This is self learning and it is stats.
$P_{ij}(s)=\sum^\infty_{n=0}p_{ij}^ns^n$ (which you'll probably recognise is a generating function)
and
$F_{ij}(s)=\sum^\infty_{n=1}f_{ij}^ns^n$ (note n=1 here)
I wish to show (I know this result, but I'd like to do it as if I did not however)
$P_{ij}(s)=p_{ij}^0+F_{ij}(S)P_{jj}(s)$
$P_{ij}(s)=p_{ij}^0+\sum^\infty_{n=1}p_{ij}^ns^n$
Now using a previous result: $p_{ij}^n=\sum^n_{k=1}f_{ij}^kp_{jj}^{n-k}$
We get:
$P_{ij}(s)=p_{ij}^0+\sum^\infty_{n=1}s^n\sum^n_{k=1}f_{ij}^kp_{jj}^{n-k}$
One can easily flip that around:
$P_{ij}(s)=p_{ij}^0+\sum^\infty_{n=1}s^n\sum^{n-1}_{k=0}f_{ij}^{n-k}p_{jj}^k$
and get close:
$P_{ij}(s)=p_{ij}^0+\sum^\infty_{n=1}\sum^{n-1}_{k=0}s^{n-k}f_{ij}^{n-k}s^kp_{jj}^k$
Then suddenly! Magic!
$=p_{ij}^0+\sum^\infty_{k=0}\sum^\infty_{n=k+1}s^{n-k}f_{ij}^{n-k}s^kp_{jj}^k$
The rest seems like something I can do.
So I looked at a simpler sum, $\sum^L_{i=1}\sum^i_{j=1}f(j)$ and noticed this is:
$\ \ \ f(1)$
$+f(1)+f(2)$
$+f(1)+f(2)+f(3)$
$...$
Which seems important, but I daren't make the jump to infinity.

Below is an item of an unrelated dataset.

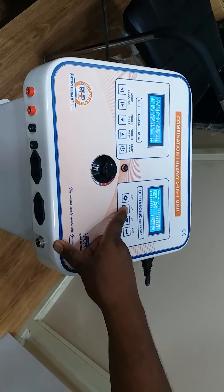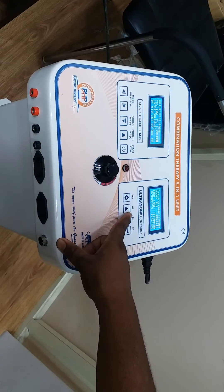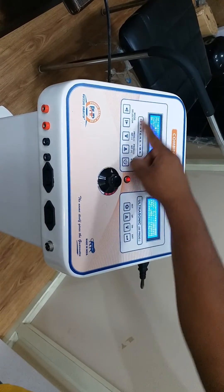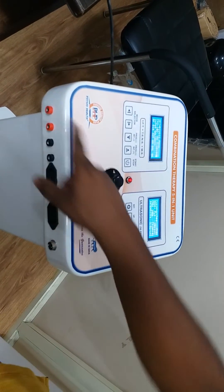You can also select the TENS machine. At a time, you can select three parts of the machine: this section, this section, and this section. Here is the output indicator.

The question adds at the end "for |s|$<$1" now isn't this a bit pointless, generating functions considered for their parameter being 1 is when they are actually useful!
Definitions (if they are needed / help)
$f_{ij}^n$ denotes $\mathbb{P}[X_n=j,X_k\ne j \forall 1\le j\le n-1|X_0=i]$
or in English: the probability that starting from state i we end up at state j taking a path that doesn't visit state j in exactly n steps.
$p_{ij}^n$ denotes $\mathbb{P}[X_n=j|X_0=i]$
It is the "probability that starting from i you end up at (via any path) at j in exactly n steps".
Note that why I have used the notation of powers, $p_{ij}^k\ne (p_{ij})^k$
(That's not true, but it'd be a special case where they are equal, like the identity matrix of state changes.... it doesn't denote power basically!)